• _Input material_:

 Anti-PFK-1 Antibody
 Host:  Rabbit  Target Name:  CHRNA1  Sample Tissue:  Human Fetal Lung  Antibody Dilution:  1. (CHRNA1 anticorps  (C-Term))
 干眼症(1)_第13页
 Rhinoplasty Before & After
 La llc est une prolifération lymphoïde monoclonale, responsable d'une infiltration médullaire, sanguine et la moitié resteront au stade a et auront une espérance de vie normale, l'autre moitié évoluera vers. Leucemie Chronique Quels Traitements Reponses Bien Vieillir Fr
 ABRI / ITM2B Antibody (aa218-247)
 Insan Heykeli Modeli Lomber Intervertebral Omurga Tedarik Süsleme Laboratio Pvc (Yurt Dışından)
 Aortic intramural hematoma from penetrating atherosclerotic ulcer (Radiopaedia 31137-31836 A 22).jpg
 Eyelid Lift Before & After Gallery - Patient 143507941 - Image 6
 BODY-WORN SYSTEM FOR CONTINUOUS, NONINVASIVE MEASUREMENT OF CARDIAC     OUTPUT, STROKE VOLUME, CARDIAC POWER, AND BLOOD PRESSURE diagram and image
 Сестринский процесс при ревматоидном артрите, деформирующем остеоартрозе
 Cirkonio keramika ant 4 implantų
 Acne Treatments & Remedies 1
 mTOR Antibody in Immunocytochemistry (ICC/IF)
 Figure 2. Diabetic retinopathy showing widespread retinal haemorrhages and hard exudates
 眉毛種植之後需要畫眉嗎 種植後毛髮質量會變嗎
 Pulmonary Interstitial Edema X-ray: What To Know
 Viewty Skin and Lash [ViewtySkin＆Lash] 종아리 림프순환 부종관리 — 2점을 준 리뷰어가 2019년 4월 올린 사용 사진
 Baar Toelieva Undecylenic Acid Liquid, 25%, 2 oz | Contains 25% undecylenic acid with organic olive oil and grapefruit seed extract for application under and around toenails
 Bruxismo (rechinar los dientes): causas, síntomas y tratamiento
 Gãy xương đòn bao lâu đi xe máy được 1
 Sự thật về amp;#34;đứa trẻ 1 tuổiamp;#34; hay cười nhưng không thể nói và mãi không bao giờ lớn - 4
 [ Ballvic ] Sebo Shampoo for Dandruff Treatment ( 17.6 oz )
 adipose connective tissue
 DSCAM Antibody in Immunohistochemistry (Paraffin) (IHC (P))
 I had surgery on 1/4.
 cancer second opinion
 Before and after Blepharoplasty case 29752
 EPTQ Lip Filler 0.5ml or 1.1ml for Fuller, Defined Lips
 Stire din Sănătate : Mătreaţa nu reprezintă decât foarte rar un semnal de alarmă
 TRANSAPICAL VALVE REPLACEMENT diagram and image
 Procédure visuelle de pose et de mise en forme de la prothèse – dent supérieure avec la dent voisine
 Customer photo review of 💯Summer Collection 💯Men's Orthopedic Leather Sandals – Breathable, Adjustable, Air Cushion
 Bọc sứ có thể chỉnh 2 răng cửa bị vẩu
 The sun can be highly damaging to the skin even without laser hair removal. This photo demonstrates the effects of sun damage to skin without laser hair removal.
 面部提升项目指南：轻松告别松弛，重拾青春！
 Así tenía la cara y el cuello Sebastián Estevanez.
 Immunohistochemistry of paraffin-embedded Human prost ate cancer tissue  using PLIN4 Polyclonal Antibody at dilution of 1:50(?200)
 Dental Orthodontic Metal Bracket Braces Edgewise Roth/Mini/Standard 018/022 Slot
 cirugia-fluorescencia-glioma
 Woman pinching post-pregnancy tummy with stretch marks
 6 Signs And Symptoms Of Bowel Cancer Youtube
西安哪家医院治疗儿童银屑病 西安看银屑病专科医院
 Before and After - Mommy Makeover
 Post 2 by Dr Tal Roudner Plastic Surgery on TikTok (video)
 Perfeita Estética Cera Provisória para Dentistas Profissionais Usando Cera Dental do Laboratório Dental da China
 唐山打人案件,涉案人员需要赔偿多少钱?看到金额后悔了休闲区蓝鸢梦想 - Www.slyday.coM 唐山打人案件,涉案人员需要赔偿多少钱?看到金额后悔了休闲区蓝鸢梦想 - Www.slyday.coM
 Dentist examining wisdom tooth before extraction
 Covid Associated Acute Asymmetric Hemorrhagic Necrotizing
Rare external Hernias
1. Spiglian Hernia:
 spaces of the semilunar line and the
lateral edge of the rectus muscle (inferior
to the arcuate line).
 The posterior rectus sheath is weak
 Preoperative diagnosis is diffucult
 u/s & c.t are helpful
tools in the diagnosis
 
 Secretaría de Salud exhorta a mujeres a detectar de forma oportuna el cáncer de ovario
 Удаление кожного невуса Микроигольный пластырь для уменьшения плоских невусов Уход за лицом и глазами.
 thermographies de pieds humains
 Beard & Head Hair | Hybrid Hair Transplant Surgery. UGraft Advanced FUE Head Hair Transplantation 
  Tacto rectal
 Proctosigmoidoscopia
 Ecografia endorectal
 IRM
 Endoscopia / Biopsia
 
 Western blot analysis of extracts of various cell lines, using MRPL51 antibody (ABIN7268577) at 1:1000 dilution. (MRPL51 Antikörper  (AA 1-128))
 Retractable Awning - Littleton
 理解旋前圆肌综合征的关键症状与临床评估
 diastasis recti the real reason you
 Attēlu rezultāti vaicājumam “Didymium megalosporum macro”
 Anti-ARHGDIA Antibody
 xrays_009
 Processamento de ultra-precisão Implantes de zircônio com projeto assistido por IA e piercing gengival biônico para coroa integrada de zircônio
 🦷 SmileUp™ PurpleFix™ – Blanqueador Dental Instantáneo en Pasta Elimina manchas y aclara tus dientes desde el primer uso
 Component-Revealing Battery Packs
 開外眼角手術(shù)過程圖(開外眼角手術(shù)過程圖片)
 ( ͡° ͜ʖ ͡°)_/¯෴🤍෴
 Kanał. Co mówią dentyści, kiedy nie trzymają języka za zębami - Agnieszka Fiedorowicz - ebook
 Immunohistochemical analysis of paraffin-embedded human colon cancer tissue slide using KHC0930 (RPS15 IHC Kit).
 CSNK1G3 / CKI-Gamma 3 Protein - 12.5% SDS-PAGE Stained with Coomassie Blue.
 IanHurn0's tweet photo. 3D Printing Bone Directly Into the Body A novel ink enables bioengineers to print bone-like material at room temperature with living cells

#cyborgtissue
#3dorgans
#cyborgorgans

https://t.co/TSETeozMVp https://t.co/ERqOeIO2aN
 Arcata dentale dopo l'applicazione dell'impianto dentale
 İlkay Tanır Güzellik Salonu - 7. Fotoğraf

• _What the exercise asks_: Lines in the records above that contain the word "photo" need to be counted; the reply is that number and nothing else.

• _Result of this task_: 3